Regarding the line of duty death of night watchman Bernard McCluskey, office of the City Marshal, Madera, California on September 1, 1919.
Excerpts from the minutes of the Board of Trustees, City of Madera vol.3, page 8, bottom of page, reads as follows:
“It was duly moved by Trustee Belchar, seconded by Trustee Cook, and carried by the board, that from Jan.1st, 1919, there was to be one assistant to the City Marshal, to be known as the night watchman.”
On Saturday, August 30, 1919, shortly after 0100 hours, Madera City night watchman Bernard McCluskey was shot and fatally wounded by Ben F. Obenshain of Fresno. Officer McCluskey had placed Obenshain under arrest for vagrancy and was just outside the front door of the Madera County jail when Obenshain pulled a .32 caliber revolver from his pocket and shot McCluskey in the abdomen. McCluskey died of his wounds on September 1, 1919.
Night watchman McCluskey’s assailant, Obenshain, was charged with murder and tried in Madera Superior Court before a jury. The jury arrived at a verdict of guilty of murder in the second degree. Obenshain received an indeterminate sentence of ten years to life in the state prison.
Bernard McCluskey was born in Frederington, New Brunswick, Canada, on July 26, 1850. His family moved to Boston when McCluskey was a young boy. Bernard moved to California when he was 19 years of age and lived about the state prior to settling in Madera in 1881. In Madera, McCluskey enjoyed an excellent reputation for the work he did as a blacksmith and as a lawman.

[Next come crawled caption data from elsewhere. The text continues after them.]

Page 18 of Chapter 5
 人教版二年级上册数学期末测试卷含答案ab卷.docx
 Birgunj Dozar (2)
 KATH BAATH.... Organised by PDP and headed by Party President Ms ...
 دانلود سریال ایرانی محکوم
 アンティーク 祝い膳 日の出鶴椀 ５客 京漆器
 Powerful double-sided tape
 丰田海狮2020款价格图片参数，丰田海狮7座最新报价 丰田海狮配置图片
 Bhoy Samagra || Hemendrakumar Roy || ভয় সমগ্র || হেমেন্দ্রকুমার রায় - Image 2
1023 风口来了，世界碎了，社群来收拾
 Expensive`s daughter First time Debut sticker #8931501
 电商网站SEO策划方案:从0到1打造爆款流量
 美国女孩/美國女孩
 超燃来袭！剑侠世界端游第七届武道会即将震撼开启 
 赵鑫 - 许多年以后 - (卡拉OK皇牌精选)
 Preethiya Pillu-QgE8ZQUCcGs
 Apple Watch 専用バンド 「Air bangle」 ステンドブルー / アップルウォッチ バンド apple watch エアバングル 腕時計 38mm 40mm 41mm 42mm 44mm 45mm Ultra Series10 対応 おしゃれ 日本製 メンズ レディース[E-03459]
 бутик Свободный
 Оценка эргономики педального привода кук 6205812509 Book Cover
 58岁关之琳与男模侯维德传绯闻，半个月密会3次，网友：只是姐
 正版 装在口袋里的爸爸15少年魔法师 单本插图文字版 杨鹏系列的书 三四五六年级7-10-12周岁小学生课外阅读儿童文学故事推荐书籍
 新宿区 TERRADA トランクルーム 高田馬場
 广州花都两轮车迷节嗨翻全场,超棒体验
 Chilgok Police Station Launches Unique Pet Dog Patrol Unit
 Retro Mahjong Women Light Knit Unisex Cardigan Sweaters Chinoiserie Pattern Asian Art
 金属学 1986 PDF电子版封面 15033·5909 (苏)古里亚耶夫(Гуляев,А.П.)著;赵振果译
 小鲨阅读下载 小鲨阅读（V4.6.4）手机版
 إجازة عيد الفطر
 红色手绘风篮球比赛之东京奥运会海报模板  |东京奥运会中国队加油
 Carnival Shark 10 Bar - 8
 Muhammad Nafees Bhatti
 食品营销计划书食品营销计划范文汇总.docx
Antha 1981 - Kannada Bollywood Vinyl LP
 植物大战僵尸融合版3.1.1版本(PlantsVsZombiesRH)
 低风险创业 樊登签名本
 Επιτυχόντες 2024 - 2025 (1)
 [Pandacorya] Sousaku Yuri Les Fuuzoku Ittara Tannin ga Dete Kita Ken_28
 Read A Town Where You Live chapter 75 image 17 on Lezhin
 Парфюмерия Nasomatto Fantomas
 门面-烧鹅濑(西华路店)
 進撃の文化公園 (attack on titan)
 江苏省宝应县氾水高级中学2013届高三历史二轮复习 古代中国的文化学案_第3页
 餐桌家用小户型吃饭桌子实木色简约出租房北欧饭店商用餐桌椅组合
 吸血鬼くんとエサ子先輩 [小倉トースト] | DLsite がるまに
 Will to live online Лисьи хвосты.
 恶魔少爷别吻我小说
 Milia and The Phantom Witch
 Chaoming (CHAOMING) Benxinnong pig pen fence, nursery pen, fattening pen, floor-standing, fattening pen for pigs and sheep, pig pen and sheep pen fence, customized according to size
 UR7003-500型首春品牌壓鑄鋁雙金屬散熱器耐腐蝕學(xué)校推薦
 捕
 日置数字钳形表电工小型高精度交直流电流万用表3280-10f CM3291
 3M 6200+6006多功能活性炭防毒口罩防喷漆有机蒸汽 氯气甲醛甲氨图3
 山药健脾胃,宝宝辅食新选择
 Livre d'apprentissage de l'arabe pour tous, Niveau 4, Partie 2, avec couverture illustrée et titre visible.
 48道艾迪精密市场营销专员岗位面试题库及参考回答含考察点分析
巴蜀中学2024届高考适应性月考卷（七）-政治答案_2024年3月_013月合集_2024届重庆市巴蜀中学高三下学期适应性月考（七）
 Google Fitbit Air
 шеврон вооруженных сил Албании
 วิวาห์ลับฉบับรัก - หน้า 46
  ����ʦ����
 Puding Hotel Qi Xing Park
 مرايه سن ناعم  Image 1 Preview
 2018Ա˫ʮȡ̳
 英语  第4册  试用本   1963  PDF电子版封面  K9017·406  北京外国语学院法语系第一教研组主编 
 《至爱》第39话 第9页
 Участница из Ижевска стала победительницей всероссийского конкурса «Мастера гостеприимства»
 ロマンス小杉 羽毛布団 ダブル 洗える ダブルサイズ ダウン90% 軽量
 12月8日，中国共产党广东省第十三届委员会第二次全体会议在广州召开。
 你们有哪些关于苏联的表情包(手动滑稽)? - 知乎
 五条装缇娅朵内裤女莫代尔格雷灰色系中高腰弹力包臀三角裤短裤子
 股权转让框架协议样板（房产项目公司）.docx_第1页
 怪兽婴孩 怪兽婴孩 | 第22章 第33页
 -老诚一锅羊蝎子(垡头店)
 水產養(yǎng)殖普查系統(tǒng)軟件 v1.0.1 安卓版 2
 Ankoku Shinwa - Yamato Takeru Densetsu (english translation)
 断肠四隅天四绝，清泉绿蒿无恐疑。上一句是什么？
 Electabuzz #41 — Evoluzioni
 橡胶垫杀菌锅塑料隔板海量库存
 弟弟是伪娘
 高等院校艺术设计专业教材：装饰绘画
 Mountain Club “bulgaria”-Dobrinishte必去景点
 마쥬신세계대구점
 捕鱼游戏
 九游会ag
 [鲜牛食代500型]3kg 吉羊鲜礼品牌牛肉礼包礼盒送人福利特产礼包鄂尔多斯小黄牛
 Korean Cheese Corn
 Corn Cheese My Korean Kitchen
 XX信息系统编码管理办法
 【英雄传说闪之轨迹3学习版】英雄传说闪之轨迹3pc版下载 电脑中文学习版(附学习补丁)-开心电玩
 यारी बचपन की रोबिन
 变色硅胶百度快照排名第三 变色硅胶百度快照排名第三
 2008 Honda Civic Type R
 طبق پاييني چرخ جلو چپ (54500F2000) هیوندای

McCluskey served the people of Madera, Fresno county from 1891 through 1895 as their constable and then as a deputy constable. (Madera became a county in 1893.) McCluskey was appointed the night watchman of Madera by City Marshal Rea and his appointment was confirmed by Mayor Saunders and the Board of Ttrustees two months prior to his murder.
McCluskey was survived by his wife, son and two stepsons.